Si même j’ai pitié des hommes, et si je les aime dans leurs misères, il ne s’ensuit pas que je fasse passer les leurs avant les miennes, ni que je me préfère le genre humain. Car il peut arriver que je n’aime ni lui, ni moi. C’est en effet ce qui arrive. Ibsen m’en est garant.

Dans l’océan des hommes, dans la tourmente de l’infini, je suis comme la barque à un seul rameur, pour tout faire, pour tenir la barre et veiller à la voile ; j’ai mis à la cape dans la vie ; et je fuis dans le temps. À la vérité, je ne sais pas pourquoi : l’issue est certaine, et je ferai toujours naufrage ; mais tel est le moi : il ne pense qu’à son salut, ou, si l’on veut, à sa perte. Que m’importe tout le désert, tout ce vide éternel, toutes les vagues de la tempête, tous les sables de l’océan, quand bien même en chaque atome il y aurait un homme ? — Je ne puis tenir de frères que de la main véritable d’un père. Les discours, ni les vastes mots ne sont pas assez paternels pour mon âme ; les plus belles paroles n’ont pas assez de sang pour mon cœur, qui est de sang. Et même les plus belles, qui sont abstraites, me semblent les plus mortes. Pourquoi non ? Suis-je si sûr de vivre ? — C’est là aussi que je ne puis avoir foi, faute d’un père : pour l’accepter, il faudrait au moins connaître celui qui m’a fait ce don mortel de la vie.

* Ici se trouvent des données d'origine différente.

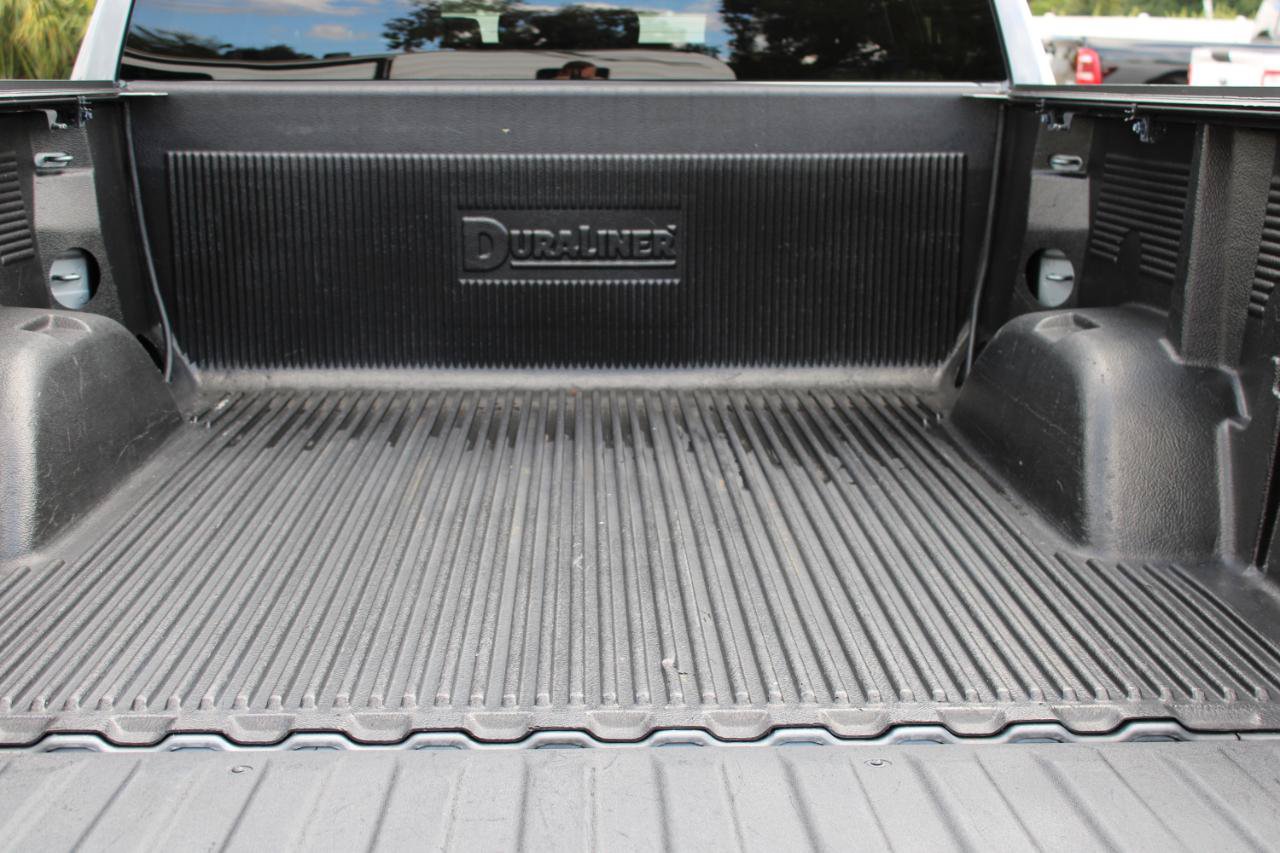 Used 2023 Chevrolet Silverado 1500 RST RWD image 6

Ibsen a cessé d’être démocrate, quand il a cessé de croire. À quoi ? — À tous ces mots, qui sont des morts et qui n’ont ni chair ni sang. Ce qui fait l’espérance et la paix des esprits médiocres, fait le désespoir des autres. Les idées sont presque toujours les mêmes en tous les hommes : ce sont les hommes qui diffèrent.

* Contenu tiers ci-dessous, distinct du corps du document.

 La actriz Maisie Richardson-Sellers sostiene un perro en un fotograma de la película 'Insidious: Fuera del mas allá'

L’auberge dans le désert. — La Norvège montre Ibsen, comme étonnée de l’avoir produit. Il est le grand spectacle de Christiania ; on va l’y voir ; on y mène les étrangers, on le nomme dans la rue, et dans la salle publique où il lit les journaux, en buvant une boisson forte, on le désigne aux curieux.